Shakespeare’s Measure for Measure has many different interesting aspects to study. It is one of Shakespeare’s plays where many different parts of the culture of his time become more prominent, especially those parts that deal with the law, punishment, and justice. Shakespeare used two different contrasting views of justice in Measure for Measure to explore the concept of justice with his audience. As his audience included both King James and other people in Renaissance England, he had to deal with concepts familiar to them. The concepts of justice (either paired with mercy, or pure and completely void of human intervention), mercy, crime, and punishment, like so many of the topics of other plays by Shakespeare, are so universal that they are still interesting to the modern reader.

Much of Shakespeare’s work was based on the concepts, laws, and stories that were familiar in his time, to make it easier for his audience to understand (mainly because his plays would sell better when people understood them).

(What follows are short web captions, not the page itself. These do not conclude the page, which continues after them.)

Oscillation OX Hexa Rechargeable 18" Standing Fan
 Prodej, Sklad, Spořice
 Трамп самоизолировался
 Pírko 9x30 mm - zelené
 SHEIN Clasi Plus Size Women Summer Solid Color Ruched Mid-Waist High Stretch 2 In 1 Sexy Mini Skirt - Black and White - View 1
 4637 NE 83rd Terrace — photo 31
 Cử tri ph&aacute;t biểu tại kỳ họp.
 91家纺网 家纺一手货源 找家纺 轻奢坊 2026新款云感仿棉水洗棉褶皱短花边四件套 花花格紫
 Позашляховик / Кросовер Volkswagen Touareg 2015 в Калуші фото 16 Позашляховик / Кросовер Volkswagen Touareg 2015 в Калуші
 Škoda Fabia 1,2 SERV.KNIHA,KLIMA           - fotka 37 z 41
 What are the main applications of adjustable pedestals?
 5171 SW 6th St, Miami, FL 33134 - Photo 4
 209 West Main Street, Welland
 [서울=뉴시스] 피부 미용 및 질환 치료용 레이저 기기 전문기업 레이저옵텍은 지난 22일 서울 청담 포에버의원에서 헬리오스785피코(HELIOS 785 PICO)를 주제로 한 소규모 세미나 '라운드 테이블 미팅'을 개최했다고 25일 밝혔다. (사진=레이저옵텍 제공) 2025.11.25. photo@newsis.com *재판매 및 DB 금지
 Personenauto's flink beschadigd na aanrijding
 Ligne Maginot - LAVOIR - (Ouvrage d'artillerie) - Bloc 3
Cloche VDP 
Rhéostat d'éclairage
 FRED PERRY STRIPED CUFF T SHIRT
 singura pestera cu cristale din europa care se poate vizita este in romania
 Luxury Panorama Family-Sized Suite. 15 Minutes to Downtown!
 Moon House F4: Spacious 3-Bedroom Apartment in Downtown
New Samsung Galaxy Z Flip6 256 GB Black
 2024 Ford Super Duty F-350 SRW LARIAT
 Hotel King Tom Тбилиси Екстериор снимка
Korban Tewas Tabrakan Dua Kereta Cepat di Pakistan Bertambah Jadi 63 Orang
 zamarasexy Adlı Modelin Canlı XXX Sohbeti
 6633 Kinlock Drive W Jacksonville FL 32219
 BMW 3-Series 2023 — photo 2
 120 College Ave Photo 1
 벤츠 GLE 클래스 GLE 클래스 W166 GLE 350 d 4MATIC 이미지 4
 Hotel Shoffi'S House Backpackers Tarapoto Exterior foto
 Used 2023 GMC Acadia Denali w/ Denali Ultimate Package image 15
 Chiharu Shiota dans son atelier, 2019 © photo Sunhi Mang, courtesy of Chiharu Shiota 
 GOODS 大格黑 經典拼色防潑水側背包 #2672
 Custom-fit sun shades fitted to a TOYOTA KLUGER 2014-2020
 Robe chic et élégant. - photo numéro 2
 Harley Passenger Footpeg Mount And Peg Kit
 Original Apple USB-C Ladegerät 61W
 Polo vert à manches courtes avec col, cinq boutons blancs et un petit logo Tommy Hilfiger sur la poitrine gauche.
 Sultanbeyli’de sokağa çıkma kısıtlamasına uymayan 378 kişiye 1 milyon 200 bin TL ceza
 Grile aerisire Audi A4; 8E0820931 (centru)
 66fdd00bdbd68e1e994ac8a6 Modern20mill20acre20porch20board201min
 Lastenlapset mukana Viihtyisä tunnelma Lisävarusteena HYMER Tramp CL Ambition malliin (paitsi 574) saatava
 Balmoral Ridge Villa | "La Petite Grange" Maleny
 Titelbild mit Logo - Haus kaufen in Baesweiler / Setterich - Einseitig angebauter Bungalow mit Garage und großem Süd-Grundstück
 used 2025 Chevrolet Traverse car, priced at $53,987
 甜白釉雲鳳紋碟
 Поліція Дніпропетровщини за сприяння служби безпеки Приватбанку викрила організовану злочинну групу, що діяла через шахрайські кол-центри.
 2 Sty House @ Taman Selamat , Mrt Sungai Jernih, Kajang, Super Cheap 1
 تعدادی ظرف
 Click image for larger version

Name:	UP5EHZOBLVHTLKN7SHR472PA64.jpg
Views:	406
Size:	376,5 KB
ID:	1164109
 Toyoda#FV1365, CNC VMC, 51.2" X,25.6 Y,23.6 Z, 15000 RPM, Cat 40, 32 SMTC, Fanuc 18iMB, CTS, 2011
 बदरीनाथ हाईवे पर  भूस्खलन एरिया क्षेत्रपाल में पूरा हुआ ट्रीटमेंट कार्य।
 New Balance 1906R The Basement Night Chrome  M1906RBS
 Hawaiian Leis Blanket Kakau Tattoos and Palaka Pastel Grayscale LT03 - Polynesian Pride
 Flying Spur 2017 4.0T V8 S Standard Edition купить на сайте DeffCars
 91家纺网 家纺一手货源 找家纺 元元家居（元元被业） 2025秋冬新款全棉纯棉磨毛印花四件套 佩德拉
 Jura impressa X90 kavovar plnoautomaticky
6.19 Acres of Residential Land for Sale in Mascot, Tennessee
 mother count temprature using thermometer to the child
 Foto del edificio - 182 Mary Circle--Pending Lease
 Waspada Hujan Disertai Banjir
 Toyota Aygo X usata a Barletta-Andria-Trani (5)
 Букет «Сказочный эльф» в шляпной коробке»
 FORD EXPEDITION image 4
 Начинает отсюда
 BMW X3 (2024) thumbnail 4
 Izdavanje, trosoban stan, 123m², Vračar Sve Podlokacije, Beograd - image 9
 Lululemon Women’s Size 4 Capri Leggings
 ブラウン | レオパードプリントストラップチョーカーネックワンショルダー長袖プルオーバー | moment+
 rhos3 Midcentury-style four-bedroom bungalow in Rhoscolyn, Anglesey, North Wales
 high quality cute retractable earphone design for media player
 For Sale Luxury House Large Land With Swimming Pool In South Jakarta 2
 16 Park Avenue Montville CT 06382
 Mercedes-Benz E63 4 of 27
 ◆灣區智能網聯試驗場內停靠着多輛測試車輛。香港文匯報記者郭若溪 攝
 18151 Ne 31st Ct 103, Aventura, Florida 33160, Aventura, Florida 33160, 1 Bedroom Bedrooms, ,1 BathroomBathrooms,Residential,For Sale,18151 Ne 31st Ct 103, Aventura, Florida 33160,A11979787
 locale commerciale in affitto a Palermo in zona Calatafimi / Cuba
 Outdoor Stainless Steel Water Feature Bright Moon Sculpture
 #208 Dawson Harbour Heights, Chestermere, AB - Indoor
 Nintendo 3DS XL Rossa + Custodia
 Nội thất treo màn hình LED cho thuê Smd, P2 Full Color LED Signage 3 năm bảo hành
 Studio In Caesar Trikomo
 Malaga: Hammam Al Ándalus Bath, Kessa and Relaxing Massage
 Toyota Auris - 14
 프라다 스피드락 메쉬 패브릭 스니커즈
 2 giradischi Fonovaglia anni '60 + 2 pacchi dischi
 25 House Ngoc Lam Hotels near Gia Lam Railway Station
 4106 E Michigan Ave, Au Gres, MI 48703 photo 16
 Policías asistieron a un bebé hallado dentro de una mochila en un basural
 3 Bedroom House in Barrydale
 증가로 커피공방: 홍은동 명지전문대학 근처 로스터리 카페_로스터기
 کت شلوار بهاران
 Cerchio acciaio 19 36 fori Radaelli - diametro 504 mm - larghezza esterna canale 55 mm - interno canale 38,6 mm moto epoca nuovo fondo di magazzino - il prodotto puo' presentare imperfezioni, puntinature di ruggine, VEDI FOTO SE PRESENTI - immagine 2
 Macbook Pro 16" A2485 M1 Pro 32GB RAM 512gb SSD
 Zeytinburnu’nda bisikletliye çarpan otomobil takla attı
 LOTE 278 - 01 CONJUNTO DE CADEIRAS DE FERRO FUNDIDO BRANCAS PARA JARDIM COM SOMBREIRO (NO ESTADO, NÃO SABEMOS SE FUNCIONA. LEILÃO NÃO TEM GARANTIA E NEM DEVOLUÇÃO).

Many of the laws in Elizabethan England were harsh by today’s standards, and would be included in the protection against cruel and unusual punishment in the Bill of Rights. “From the beginning of Elizabeth’s reign to the end of the seventeenth century high treason and all felonies, except petty larceny (i.e. theft of goods under the value of twelve pence), were punishable with death” (Underhill). Some of the methods of death were very cruel, and included things like hanging and beheading to being pressed to death by heavy rocks placed on one’s front while lying on sharp rocks to break the back. There were also many other punishments that people could be put through for more minor offences. Other methods of punishing lesser crimes included dunking, the pillory, and the stocks. If a woman spoke too freely, or gossiped too much, she was sometimes placed in a cage that fit just the head, with spikes around the mouth piece, so she could not speak without considerable pain. The PA Renaissance Faire installed a small museum this season describing these and many other methods of torture and punishment in Shakespeare’s time. “The Elizabethan age was pitiless, and the ‘way of the transgressor’ was certainly made as hard as it could be” Underhill).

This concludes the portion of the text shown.